> [Work instructions] For the records below, please print exactly and only the lines from the one with "NAM Kerala Medical Officer Recruitment 2026 – Apply Offline NAM" down to the one with "Vision of My Salvation", both ends included, omitting the pictures.

### The data

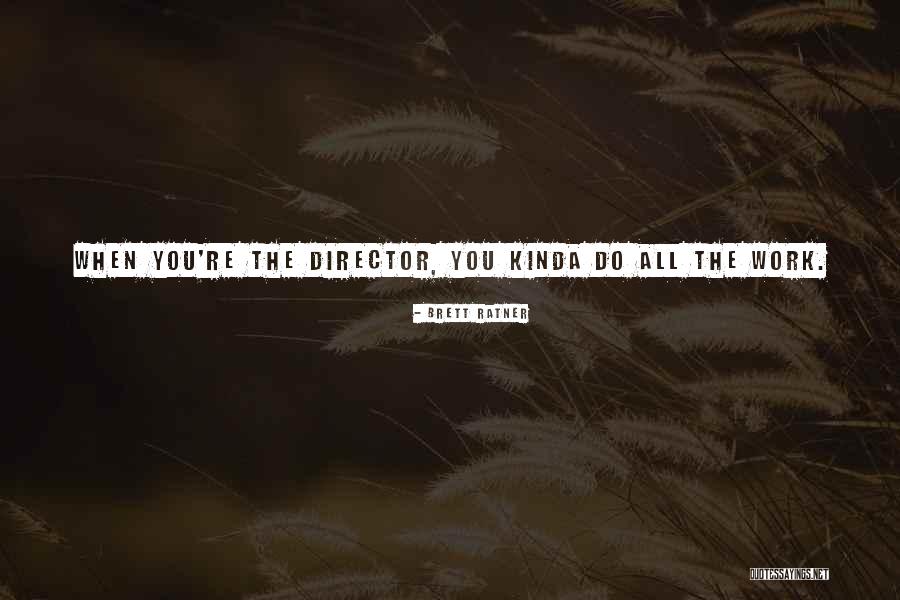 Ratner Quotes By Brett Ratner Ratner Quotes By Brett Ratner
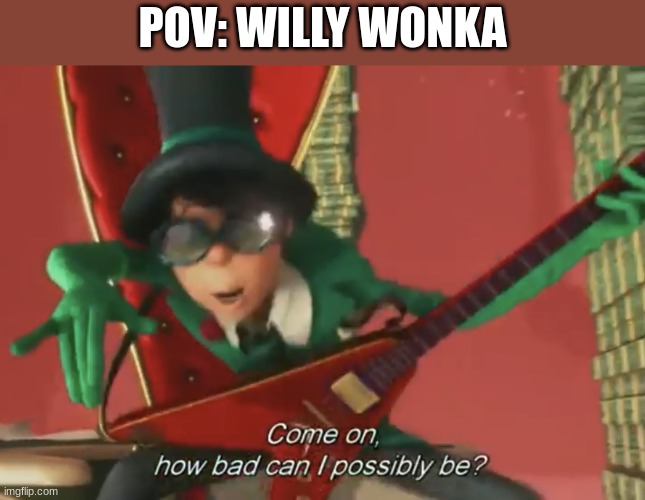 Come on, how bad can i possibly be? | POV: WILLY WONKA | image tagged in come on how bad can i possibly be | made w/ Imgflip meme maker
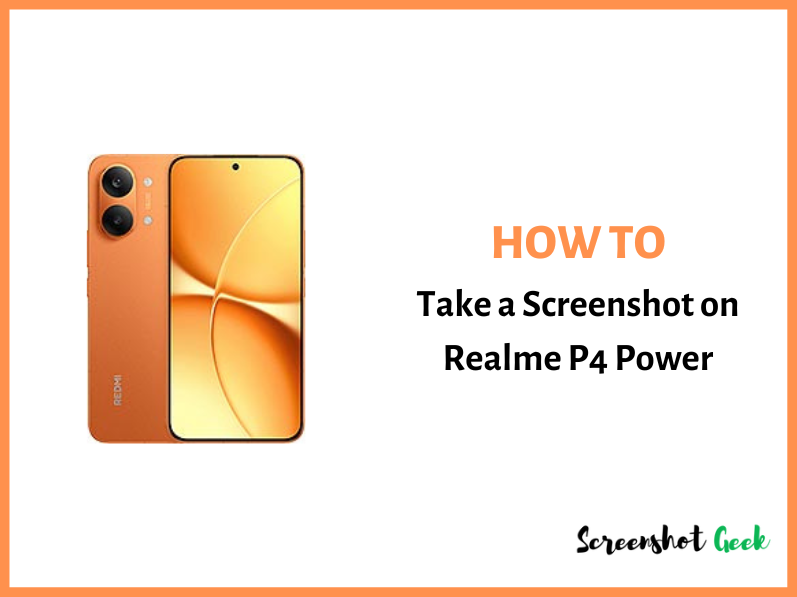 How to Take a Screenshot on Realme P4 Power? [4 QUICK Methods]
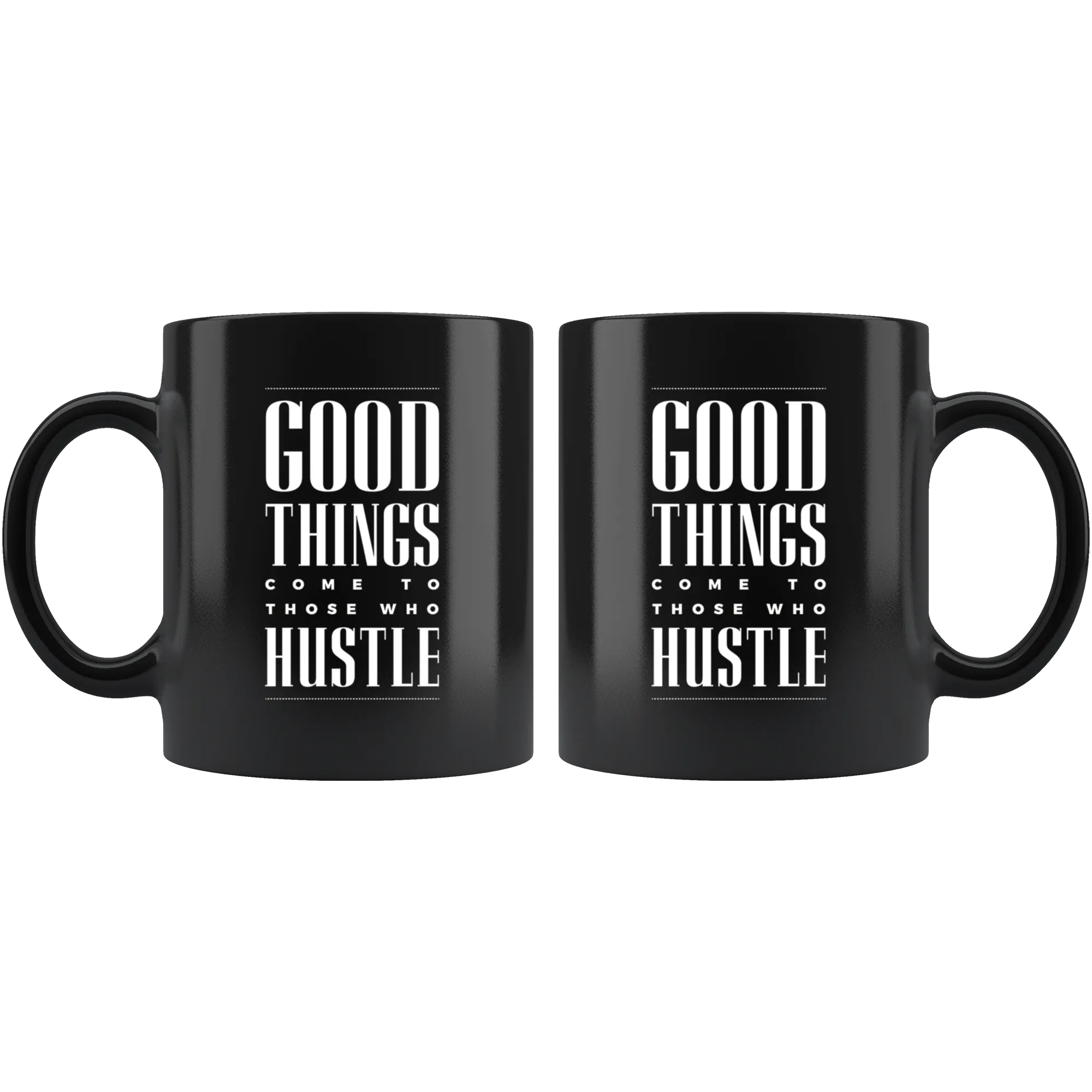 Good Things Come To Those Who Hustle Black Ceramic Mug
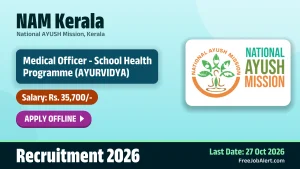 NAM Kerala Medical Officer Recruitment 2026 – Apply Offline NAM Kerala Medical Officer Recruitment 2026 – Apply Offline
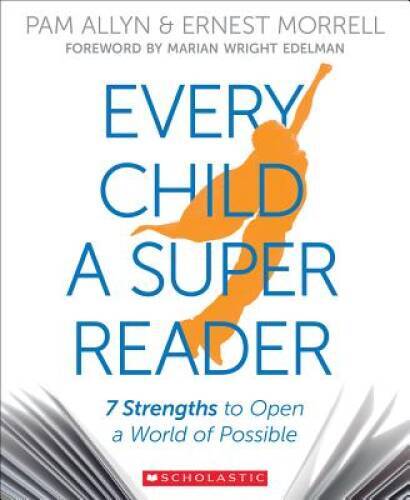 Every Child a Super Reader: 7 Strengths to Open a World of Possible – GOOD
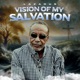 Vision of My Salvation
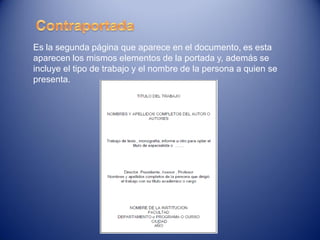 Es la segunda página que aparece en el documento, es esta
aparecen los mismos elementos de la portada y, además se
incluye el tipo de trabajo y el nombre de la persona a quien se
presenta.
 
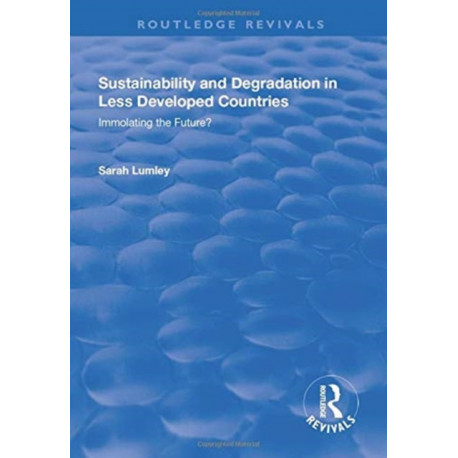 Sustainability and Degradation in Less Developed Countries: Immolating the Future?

######

> [Solved exercise]
 NAM Kerala Medical Officer Recruitment 2026 – Apply Offline NAM Kerala Medical Officer Recruitment 2026 – Apply Offline
 Every Child a Super Reader: 7 Strengths to Open a World of Possible – GOOD
 Vision of My Salvation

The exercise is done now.